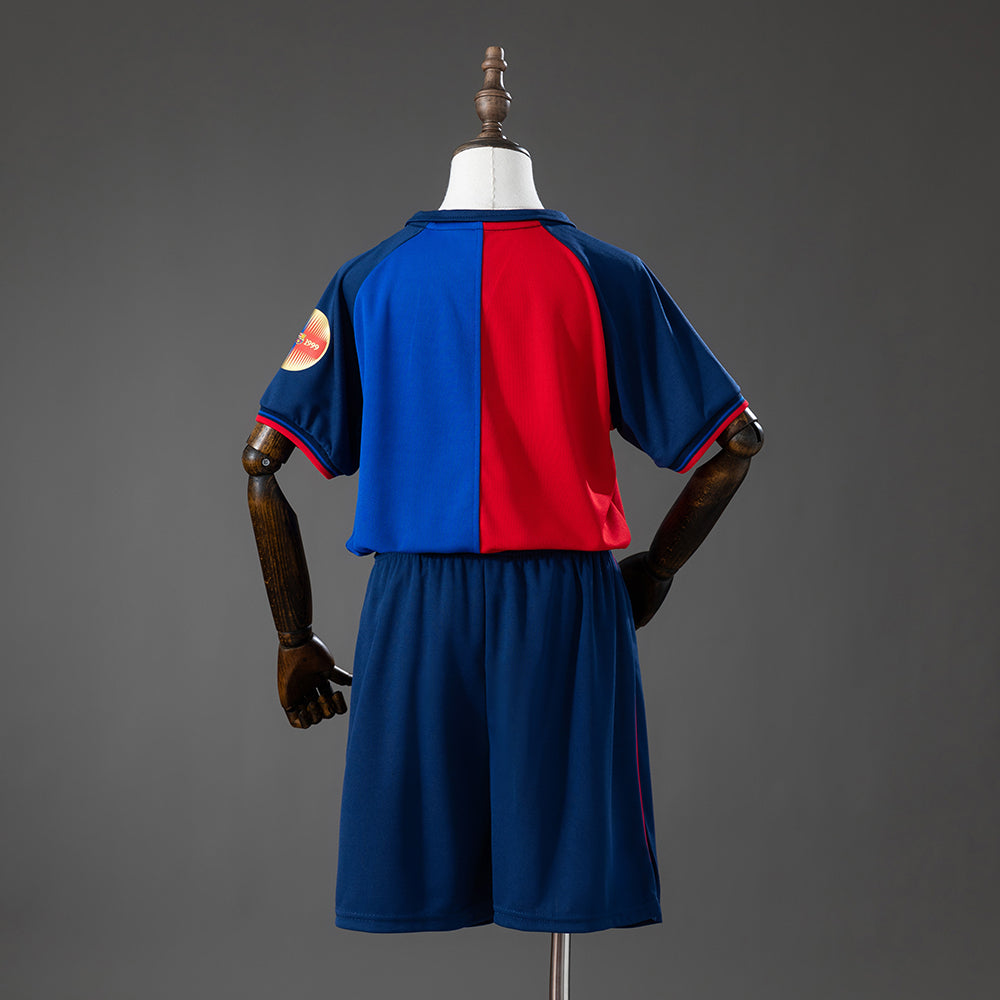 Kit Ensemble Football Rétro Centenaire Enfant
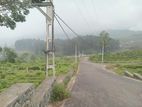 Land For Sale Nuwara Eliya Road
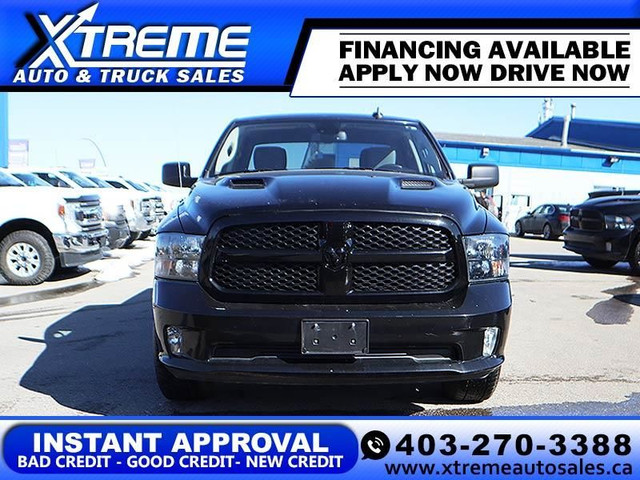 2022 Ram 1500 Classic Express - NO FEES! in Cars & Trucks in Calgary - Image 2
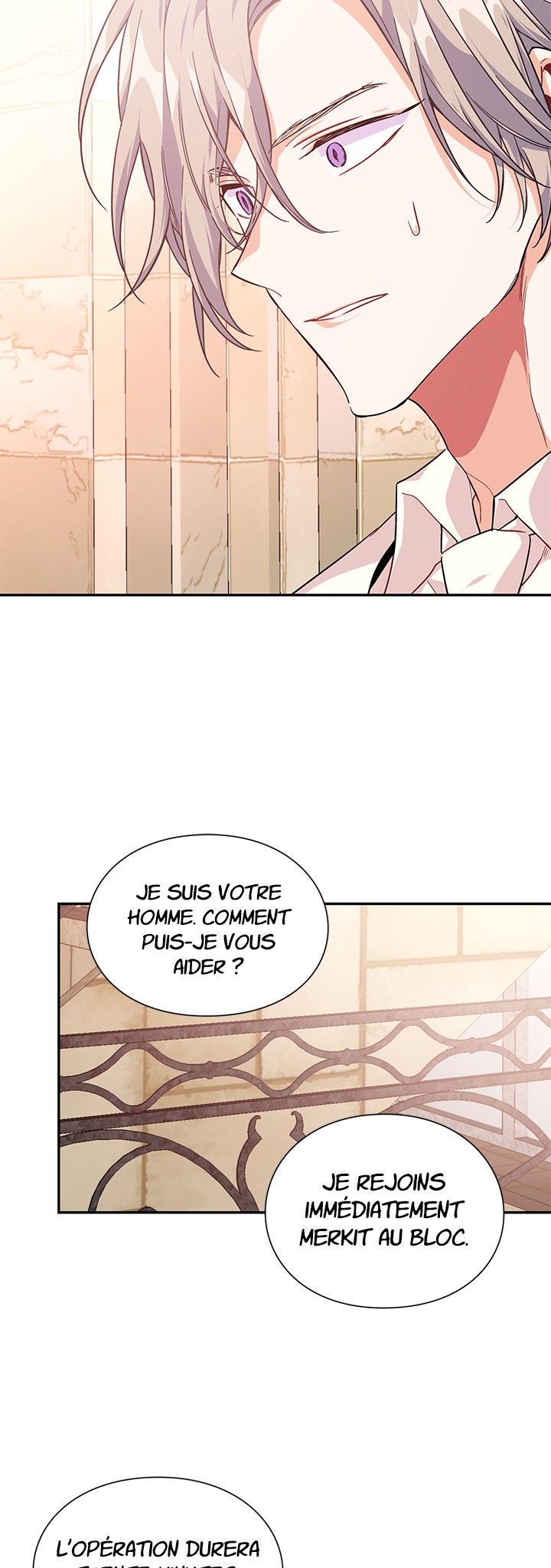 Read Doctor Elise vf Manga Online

What the task asks -> Skip every picture and transcribe the data above exactly.

Exercise result ->
 Kit Ensemble Football Rétro Centenaire Enfant
 Land For Sale Nuwara Eliya Road
 2022 Ram 1500 Classic Express - NO FEES! in Cars & Trucks in Calgary - Image 2
 Read Doctor Elise vf Manga Online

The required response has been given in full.